Crawled caption data

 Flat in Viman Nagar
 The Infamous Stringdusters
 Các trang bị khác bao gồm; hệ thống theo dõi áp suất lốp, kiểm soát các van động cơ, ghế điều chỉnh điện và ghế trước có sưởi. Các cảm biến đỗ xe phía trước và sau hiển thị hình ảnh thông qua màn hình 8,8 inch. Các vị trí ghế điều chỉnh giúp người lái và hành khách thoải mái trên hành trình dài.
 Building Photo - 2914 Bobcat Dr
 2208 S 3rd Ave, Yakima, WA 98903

---

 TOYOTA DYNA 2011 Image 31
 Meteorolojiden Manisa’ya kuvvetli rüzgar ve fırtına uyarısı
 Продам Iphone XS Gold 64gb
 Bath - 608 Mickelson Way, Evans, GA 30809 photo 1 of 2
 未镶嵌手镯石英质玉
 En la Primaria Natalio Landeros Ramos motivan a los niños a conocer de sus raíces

==

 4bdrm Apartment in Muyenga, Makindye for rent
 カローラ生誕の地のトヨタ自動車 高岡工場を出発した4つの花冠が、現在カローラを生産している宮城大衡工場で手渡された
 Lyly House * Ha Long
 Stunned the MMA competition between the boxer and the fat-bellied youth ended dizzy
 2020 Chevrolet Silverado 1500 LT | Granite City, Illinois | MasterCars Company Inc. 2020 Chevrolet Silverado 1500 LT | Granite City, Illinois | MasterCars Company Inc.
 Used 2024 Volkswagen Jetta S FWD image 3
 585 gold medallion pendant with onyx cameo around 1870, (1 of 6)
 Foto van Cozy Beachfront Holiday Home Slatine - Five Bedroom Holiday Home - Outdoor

> [Task item]: Retype only this portion of the data above: the line containing "Продам Iphone XS Gold 64gb", the line containing "En la Primaria", and all lines between them, exactly.

> [Solved problem]:
 Продам Iphone XS Gold 64gb
 Bath - 608 Mickelson Way, Evans, GA 30809 photo 1 of 2
 未镶嵌手镯石英质玉
 En la Primaria Natalio Landeros Ramos motivan a los niños a conocer de sus raíces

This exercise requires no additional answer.